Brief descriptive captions
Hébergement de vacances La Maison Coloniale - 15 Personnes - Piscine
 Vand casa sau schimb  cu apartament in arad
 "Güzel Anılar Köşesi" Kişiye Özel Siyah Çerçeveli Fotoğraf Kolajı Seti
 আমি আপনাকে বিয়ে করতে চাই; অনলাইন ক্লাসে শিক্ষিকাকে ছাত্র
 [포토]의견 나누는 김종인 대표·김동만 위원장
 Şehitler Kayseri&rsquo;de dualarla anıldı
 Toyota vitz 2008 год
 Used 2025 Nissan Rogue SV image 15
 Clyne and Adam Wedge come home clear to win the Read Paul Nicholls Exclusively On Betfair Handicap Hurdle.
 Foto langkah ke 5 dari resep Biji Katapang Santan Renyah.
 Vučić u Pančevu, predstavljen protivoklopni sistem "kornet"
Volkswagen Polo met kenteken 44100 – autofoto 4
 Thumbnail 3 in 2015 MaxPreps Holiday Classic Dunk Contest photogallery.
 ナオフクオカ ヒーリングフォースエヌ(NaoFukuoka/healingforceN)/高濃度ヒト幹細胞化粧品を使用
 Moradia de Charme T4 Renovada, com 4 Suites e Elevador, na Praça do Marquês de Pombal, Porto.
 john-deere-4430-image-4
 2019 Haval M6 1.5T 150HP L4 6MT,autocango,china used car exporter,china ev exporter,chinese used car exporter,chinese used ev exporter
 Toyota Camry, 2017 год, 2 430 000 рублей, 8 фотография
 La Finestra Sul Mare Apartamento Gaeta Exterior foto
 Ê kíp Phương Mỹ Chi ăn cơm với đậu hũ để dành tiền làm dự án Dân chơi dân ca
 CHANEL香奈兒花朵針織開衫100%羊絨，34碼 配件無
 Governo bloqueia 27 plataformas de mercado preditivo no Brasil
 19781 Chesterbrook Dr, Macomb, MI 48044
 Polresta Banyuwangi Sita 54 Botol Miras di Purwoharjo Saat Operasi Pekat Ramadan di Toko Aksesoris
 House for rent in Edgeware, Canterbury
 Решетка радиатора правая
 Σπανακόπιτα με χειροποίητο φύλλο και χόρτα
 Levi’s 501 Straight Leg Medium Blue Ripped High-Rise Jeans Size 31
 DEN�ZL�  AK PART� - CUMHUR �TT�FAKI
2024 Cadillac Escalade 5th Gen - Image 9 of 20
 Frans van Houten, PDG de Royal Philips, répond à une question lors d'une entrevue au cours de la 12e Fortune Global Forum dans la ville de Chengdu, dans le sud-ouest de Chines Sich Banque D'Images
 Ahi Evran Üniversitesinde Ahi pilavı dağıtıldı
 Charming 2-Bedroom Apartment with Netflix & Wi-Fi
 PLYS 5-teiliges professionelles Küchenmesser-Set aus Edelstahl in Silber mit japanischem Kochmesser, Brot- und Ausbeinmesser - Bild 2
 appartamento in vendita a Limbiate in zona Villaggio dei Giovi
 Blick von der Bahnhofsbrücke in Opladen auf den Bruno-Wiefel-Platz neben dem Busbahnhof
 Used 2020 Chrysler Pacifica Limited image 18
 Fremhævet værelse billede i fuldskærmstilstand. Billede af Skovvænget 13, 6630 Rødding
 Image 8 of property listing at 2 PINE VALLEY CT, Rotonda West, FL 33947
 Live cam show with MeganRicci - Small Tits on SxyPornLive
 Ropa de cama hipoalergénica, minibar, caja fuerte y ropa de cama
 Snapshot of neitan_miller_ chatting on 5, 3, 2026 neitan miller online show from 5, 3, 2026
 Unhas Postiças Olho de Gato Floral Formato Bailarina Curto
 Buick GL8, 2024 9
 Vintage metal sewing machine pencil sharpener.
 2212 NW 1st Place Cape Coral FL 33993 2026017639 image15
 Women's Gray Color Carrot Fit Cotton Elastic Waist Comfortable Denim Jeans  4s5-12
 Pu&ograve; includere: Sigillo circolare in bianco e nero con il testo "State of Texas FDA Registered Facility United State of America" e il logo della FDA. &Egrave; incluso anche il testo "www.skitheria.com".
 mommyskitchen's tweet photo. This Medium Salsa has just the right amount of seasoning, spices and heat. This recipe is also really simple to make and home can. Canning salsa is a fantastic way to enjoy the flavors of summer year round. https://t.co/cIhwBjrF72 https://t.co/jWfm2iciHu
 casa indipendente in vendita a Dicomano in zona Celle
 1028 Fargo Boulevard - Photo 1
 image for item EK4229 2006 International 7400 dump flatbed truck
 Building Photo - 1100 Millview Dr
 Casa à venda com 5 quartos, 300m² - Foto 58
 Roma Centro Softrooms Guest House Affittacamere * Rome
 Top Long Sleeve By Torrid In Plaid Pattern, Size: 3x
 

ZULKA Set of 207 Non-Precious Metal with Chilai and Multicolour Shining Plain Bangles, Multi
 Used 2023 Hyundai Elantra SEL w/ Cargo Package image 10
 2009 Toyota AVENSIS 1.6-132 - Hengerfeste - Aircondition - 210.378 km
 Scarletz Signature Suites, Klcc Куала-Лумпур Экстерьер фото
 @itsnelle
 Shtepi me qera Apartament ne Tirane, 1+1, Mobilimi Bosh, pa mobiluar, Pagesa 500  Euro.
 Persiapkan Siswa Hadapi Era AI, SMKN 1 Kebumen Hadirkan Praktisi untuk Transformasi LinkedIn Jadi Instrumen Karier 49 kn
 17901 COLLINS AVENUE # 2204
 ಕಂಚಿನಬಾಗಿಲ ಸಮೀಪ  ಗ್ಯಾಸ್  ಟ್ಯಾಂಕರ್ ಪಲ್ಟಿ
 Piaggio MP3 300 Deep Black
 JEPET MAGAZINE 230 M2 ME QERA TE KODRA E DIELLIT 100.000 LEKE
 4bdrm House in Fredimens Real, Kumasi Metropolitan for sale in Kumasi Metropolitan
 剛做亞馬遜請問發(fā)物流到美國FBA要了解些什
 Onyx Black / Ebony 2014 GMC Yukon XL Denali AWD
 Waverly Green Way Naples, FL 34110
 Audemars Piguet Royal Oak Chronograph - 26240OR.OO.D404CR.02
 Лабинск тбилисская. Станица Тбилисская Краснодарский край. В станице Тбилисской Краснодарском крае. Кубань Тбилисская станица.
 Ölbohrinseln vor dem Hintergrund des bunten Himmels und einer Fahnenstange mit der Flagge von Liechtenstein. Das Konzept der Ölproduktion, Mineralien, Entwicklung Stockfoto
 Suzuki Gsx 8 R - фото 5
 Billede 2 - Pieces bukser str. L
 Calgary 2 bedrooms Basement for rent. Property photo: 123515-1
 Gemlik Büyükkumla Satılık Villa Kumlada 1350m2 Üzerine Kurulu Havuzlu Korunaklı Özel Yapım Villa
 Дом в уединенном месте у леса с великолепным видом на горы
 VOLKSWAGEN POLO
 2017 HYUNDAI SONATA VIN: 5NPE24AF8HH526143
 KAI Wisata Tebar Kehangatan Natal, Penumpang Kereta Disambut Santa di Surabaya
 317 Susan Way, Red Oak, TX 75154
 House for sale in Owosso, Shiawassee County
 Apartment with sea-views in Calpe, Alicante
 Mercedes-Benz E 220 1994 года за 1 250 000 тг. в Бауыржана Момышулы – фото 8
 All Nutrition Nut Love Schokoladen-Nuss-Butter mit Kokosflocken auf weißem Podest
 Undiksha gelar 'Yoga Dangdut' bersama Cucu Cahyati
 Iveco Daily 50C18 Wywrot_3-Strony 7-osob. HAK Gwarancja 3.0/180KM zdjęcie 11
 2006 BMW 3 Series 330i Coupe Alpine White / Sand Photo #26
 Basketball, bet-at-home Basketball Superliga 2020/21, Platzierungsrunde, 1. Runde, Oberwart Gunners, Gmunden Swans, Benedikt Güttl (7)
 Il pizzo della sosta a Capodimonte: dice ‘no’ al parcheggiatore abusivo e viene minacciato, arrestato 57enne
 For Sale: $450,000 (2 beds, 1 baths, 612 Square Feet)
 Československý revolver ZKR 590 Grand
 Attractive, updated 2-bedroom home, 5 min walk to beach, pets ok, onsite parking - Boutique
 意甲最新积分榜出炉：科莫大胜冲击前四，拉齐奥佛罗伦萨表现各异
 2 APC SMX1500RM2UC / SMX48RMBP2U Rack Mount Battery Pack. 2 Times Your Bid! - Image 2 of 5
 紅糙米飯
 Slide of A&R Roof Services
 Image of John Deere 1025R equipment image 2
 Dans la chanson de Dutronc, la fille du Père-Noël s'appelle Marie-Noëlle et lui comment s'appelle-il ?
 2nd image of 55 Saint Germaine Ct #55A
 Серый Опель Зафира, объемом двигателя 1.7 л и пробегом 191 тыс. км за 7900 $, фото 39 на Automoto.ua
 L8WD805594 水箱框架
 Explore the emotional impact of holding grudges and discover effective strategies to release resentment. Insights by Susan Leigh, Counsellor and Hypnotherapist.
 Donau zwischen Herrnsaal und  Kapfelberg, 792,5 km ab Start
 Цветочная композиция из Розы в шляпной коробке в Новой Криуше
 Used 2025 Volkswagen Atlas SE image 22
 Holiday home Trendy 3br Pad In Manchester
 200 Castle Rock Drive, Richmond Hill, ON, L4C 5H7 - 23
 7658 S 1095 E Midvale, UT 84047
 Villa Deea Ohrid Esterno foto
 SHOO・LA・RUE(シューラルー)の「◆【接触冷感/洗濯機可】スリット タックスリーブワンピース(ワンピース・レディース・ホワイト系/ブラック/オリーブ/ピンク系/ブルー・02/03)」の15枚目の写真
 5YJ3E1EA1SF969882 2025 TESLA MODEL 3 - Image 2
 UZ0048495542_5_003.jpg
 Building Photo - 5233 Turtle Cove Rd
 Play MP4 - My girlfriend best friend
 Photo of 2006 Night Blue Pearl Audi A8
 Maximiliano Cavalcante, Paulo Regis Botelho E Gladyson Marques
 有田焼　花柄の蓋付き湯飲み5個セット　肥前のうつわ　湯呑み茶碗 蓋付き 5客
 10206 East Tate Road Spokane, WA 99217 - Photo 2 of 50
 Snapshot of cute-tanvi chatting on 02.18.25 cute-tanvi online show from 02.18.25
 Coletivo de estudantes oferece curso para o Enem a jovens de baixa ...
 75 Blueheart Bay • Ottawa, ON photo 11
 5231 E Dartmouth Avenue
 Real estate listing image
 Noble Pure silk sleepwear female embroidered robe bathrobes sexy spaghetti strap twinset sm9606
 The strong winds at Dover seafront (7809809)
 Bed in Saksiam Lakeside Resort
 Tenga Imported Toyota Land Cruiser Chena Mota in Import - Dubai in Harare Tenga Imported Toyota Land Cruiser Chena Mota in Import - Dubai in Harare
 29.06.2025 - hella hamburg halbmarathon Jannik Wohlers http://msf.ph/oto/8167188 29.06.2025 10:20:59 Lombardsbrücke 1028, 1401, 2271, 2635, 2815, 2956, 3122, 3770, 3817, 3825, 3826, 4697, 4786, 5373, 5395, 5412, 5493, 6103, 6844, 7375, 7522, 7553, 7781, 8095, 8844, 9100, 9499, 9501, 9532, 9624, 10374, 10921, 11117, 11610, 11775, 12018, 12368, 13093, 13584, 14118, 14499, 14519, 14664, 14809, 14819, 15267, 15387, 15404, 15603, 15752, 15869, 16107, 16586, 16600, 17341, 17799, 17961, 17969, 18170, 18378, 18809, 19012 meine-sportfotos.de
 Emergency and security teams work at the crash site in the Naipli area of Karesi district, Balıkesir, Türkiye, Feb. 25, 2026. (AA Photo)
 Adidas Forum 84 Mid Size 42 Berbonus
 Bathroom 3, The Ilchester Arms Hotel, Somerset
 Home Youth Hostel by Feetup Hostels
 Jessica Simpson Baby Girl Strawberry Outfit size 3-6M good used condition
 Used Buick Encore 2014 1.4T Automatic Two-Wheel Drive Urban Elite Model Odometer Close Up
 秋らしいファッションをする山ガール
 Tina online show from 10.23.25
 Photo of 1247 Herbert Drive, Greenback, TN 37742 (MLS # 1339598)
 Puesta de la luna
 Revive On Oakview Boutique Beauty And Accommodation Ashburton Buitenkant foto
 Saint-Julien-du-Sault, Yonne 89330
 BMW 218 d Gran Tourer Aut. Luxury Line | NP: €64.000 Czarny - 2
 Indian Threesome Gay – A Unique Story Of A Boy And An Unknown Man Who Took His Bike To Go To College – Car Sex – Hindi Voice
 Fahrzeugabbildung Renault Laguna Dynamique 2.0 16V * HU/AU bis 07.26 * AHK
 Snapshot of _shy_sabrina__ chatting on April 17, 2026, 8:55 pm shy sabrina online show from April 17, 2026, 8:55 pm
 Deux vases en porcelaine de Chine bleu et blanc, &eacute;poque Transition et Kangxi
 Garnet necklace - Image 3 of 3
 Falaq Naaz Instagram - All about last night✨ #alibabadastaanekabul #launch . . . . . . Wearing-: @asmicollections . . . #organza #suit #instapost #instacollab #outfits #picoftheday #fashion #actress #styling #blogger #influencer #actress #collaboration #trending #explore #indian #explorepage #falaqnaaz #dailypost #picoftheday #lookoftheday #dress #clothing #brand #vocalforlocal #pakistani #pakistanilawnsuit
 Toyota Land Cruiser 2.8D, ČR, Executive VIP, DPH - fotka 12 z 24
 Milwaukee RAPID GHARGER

**Goal of the exercise:** Would you copy out exactly the lines above that start at the one containing "Pu&ograve; includere: Sigillo" and end at the one containing "ZULKA Set of", inclusive?

**Task answer:**
 Pu&ograve; includere: Sigillo circolare in bianco e nero con il testo "State of Texas FDA Registered Facility United State of America" e il logo della FDA. &Egrave; incluso anche il testo "www.skitheria.com".
 mommyskitchen's tweet photo. This Medium Salsa has just the right amount of seasoning, spices and heat. This recipe is also really simple to make and home can. Canning salsa is a fantastic way to enjoy the flavors of summer year round. https://t.co/cIhwBjrF72 https://t.co/jWfm2iciHu
 casa indipendente in vendita a Dicomano in zona Celle
 1028 Fargo Boulevard - Photo 1
 image for item EK4229 2006 International 7400 dump flatbed truck
 Building Photo - 1100 Millview Dr
 Casa à venda com 5 quartos, 300m² - Foto 58
 Roma Centro Softrooms Guest House Affittacamere * Rome
 Top Long Sleeve By Torrid In Plaid Pattern, Size: 3x
 

ZULKA Set of 207 Non-Precious Metal with Chilai and Multicolour Shining Plain Bangles, Multi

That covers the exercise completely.